The other day, I randomly wondered what percentage of my life I've lived in Fairfield, California. I did a quick calculation - I've been here for 23 of my 48 years, or approximately 48% of my life. I've only lived in two other places: Livermore, CA for 37% of my life and Davis, CA for 15% of my life. Interesting!
The next thing I knew, I'd pushed aside the work I'd intended to do and made this:
It struck me that this would make a great math activity for upper elementary and middle school kids. It provides lots of practice converting fractions to percentages, converting those percentages to degrees of a circle, then using a protractor to make the circle graphs.
To begin, brainstorm categories of things with clear start and end times, like cities (or states, or countries) you've lived in, or schools you've attended, or sports teams you've played on. I chose six categories. In addition to where I've lived, I included:
- who I've lived with (my parents, roommates, alone, and with Steve)
- my primary job (student, teacher, blogger)
- my church home (Holy Cross, St. Marks)
- my main club/organization (4-H, a ballroom dance troupe, MOMS Club, and BSA)
- my favorite food (bread)
After choosing your categories, create a chart. Here is the start of my work page. Looking left to right on the first line, you can see the span of years I lived in Livermore (1972-1990), the fraction of my life that represents (18/48), the equivalent percentage (37%), and the number of degrees of a circle that covers (37% of 360° = 133°).

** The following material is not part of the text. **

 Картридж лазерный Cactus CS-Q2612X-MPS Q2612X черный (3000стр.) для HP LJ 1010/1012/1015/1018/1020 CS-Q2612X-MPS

Once all the math is done, draw circles on drawing paper. (In the classroom, we'd use compasses and make proper circles. I just drew mine with a Sharpie, which doesn't look nearly as good.) Label each circle with the category and put the 'answers' underneath. Then use a protractor to divide each circle into the appropriately-sized pieces.
Now add the title at the top.
Color it in and you have a cool glimpse at your percentages! Something neat about this is that you can redo it each year and it will look different since your percentages will change.
This would look so cool on a bulletin board in a classroom. I wish I'd thought of this 15+ years sooner, lol!